目黒区のホームページでは「目黒」の地名の由来について「馬のあぜ道説」「地形説」などと併せて「五色不動由来説」を紹介している。仏教徒として、私は当然のように不動尊が由来だと思いこんでいた。
五色不動とは東京の各地にいまも安置されている不動尊たちで、江戸時代までは大いに信仰を集めた。目黒以外にも目赤・目黄・目白・目青不動があって、私はすべて参拝したことがある。いまや地名として馴染みがあるのは目黒と目白だけになっているので、ほとんどの人は「目赤」「目黄」「目青」はなんのことかわからないのではないか。
わずか150年前には常識だったことが、すっかり忘れ去られているのである。
思い起こされたのが、東日本大震災のあとに観覧した映画「100000年後の安全」。
フィンランドに建設された核廃棄物処理施設「オンカロ」。放射性物質が安全になるまでに10万年かかることから、未来の人類にその危険性を伝え続けることの難しさをとらえたドキュメンタリーだ。

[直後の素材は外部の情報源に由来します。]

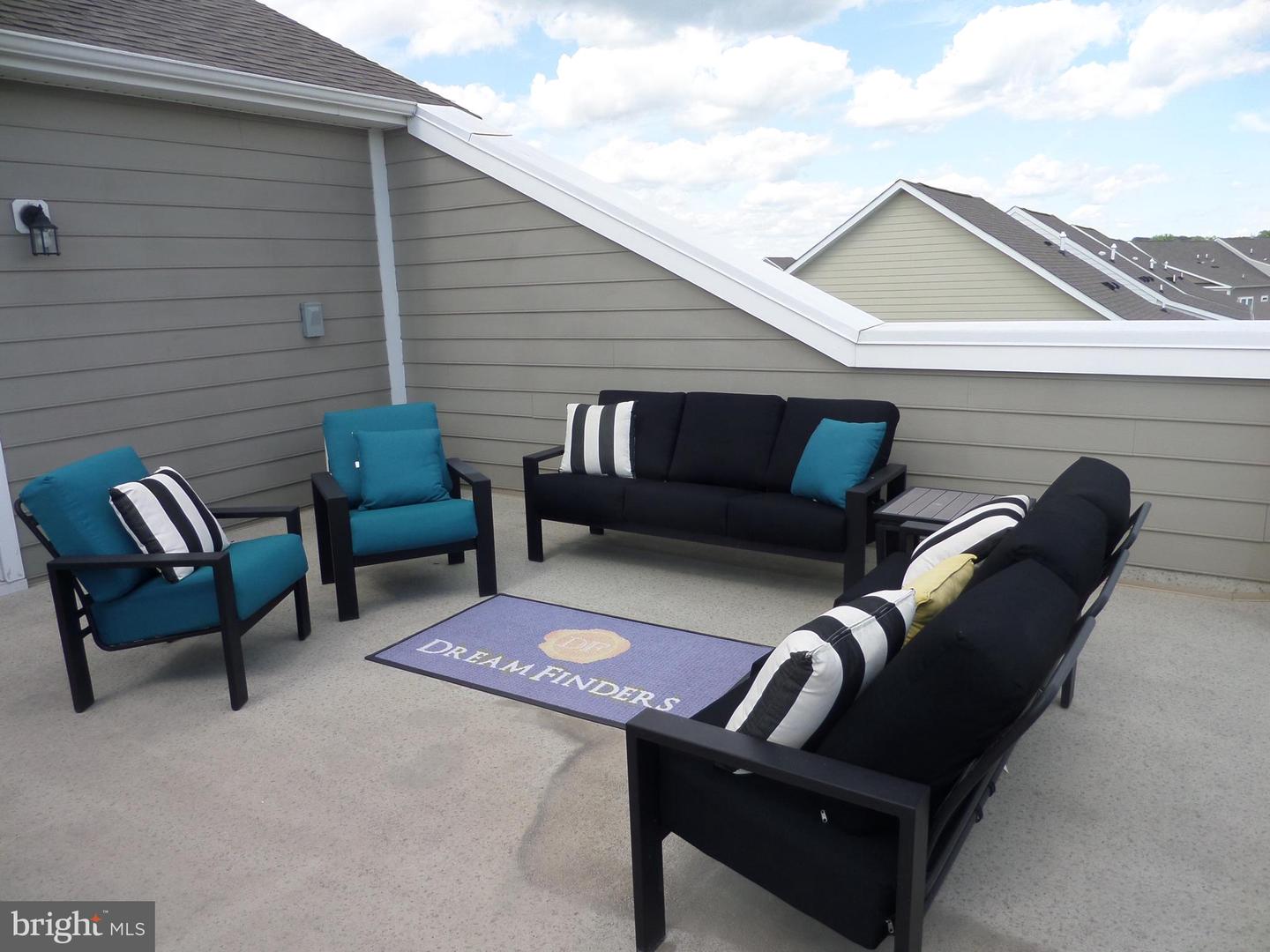 42939 Running Creek Sq Property Photo 91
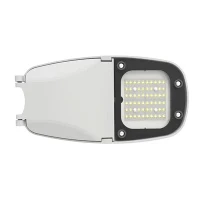 Fanal posterior lliscant de 40 W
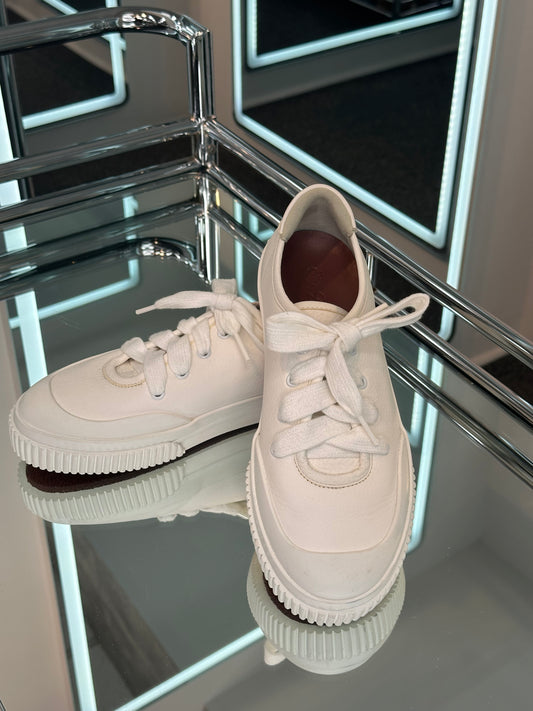 Loro Piana Sneaker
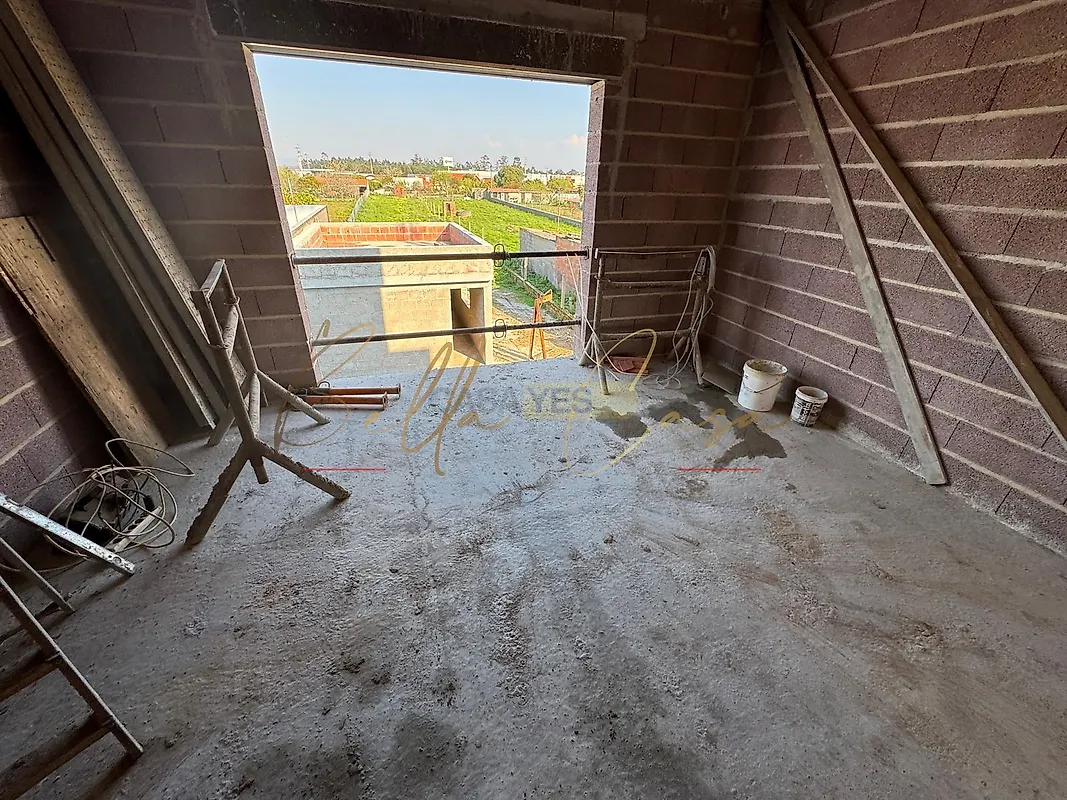 Apartamento T3 à venda em Cacia, Aveiro — foto 10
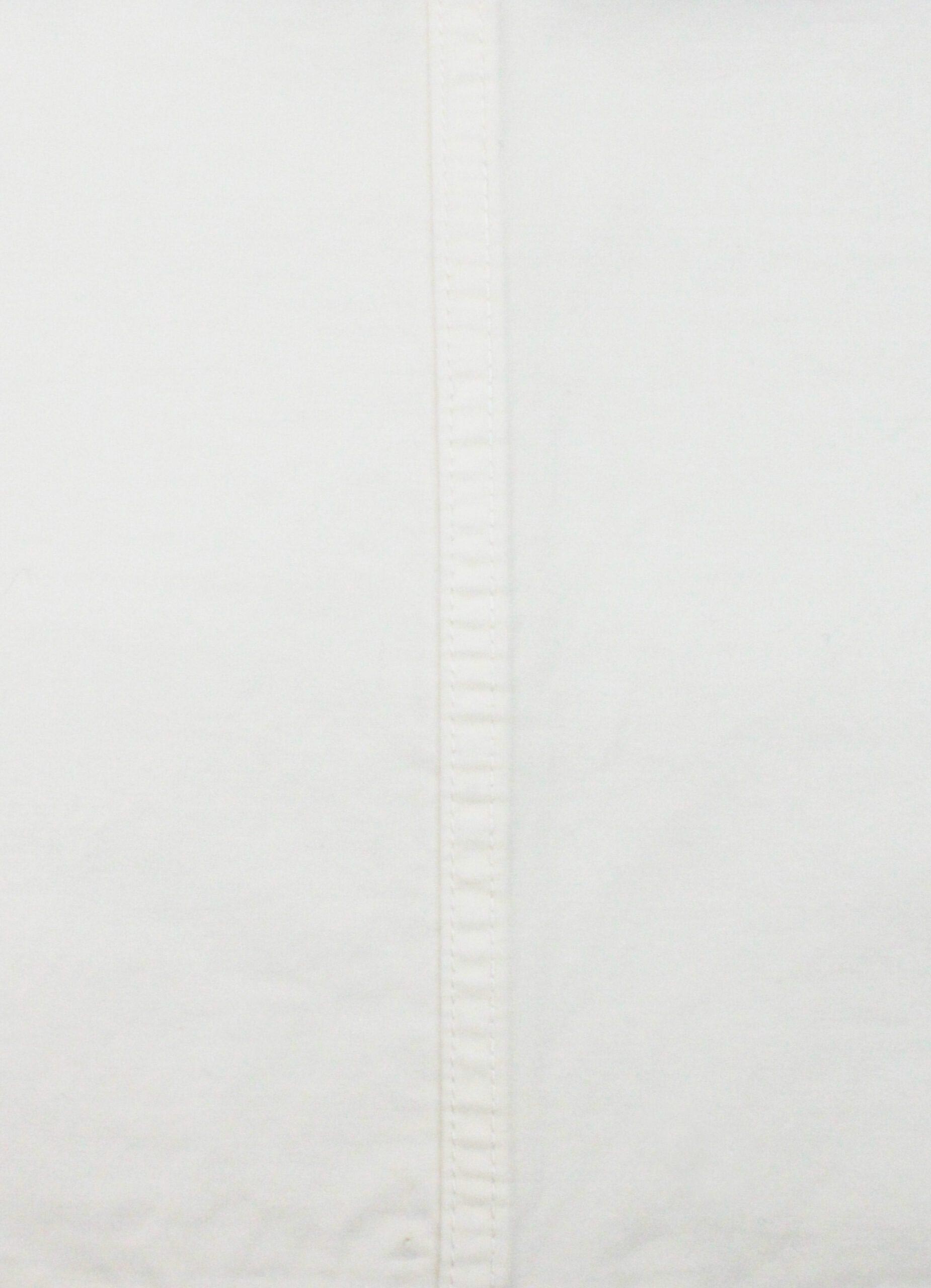 383a-scaled-1.jpg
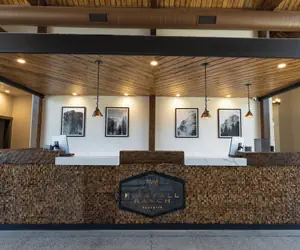 Photo 4 - Firefall Ranch Yosemite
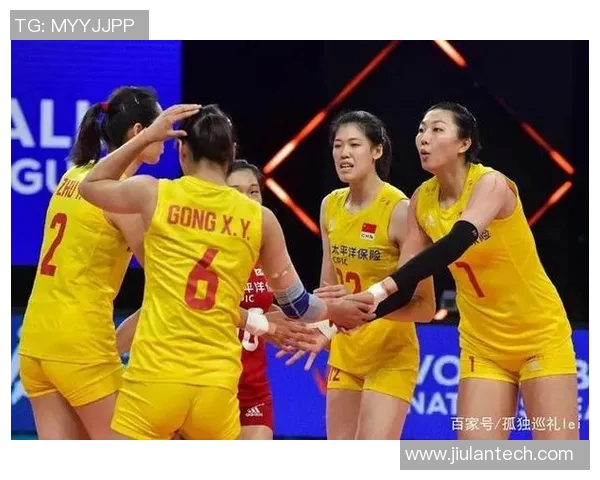 排球战术排名揭晓北京排球队荣登第七位引发关注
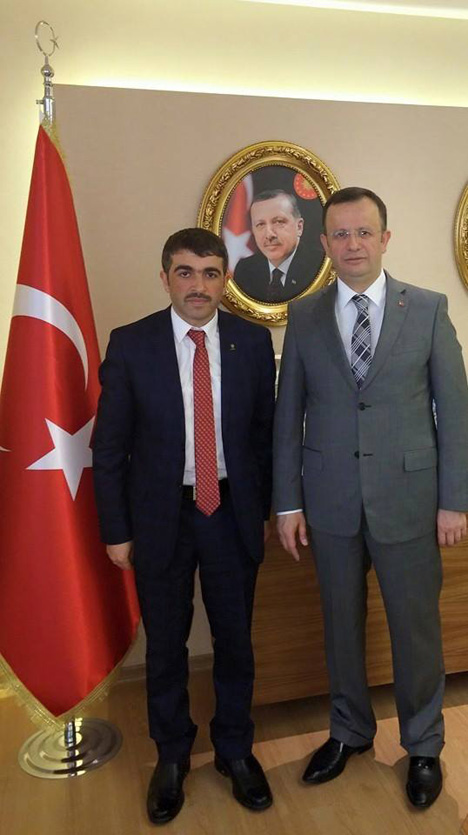 eyup-furtuna-secim-turunda-5.20150315214013.jpg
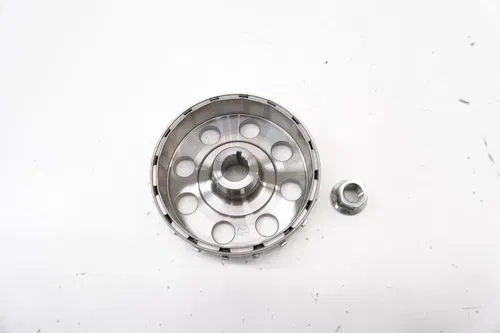 2016 KX450F Flywheel Rotor OEM Magneto 21007-0629 Kawasaki KX450 KX 16-18 #2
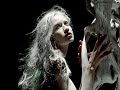 music video by florent pagny performing et un jour une femme. (c) 2000 az.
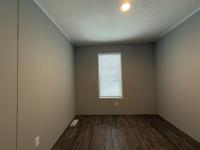 2021 Fairmont Mobile Home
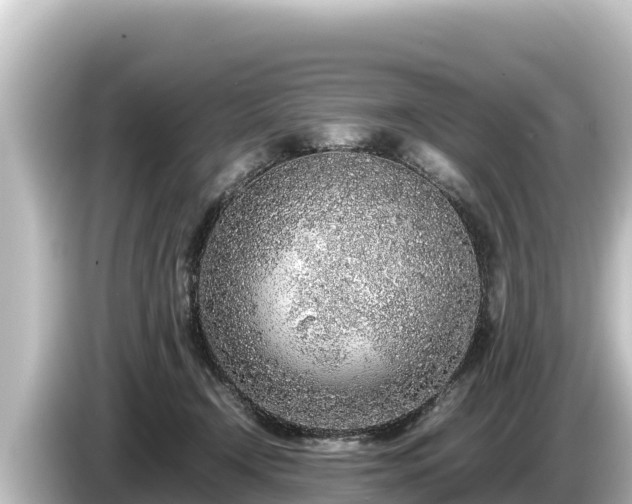 X0000085310366200703161456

10万年という時間の途方もない長さを過去に遡ることなどで表現していて、ラストで女性科学者が「グッドラック」と言い放った笑顔が現代人の無責任さの象徴として印象的だった。
江戸っ子はわずか150年前の「目赤不動」をすっかり忘れ去っているのだ。10万年後に人類がどのような文明を継承して、オンカロの危険性を認識し続けられているのか、想像もできない。
うららかな春の目黒川で背筋がゾッとしたのである。